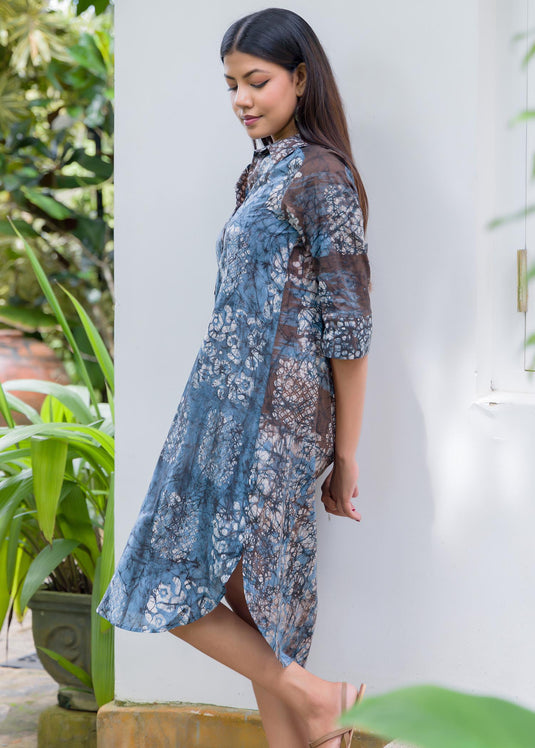 Batik printed brush stroke shirt dress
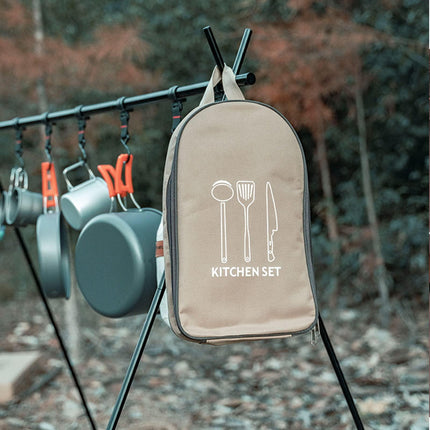 Multi-Functional Outdoor Kitchen Utensil Organizer – Durable Travel Storage Bag with Elastic Straps, Mesh Pockets & Carry Handle, Compact Size (Khaki).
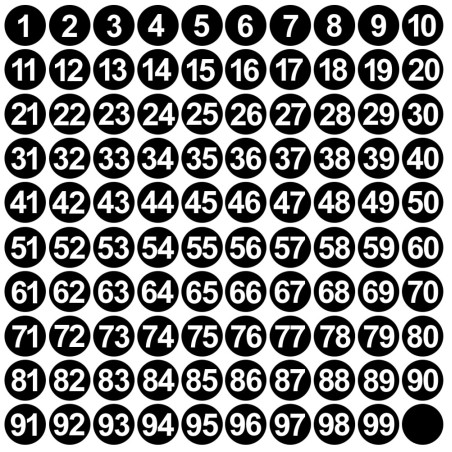 numérotation noire - 100 stickers de 1.5cm - Sticker/autocollant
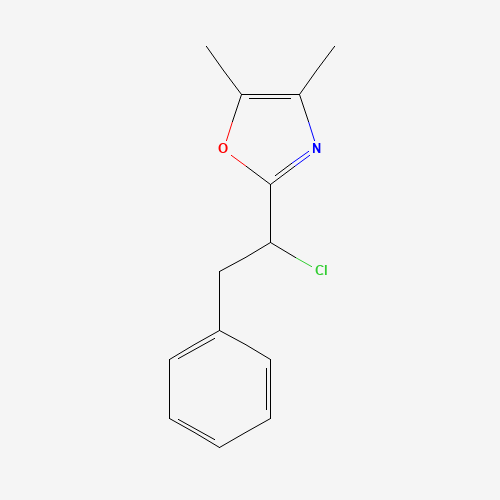 2-(1-chloro-2-phenylethyl)-4,5-dimethyl-1,3-oxazole (CAS: 1092352-12-9) - Chemical Structure and Molecular Formula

++++++

Aim of the task —
Give back the whole listing exactly; no pictures.

Answer section —
 Batik printed brush stroke shirt dress
 Multi-Functional Outdoor Kitchen Utensil Organizer – Durable Travel Storage Bag with Elastic Straps, Mesh Pockets & Carry Handle, Compact Size (Khaki).
 numérotation noire - 100 stickers de 1.5cm - Sticker/autocollant
 2-(1-chloro-2-phenylethyl)-4,5-dimethyl-1,3-oxazole (CAS: 1092352-12-9) - Chemical Structure and Molecular Formula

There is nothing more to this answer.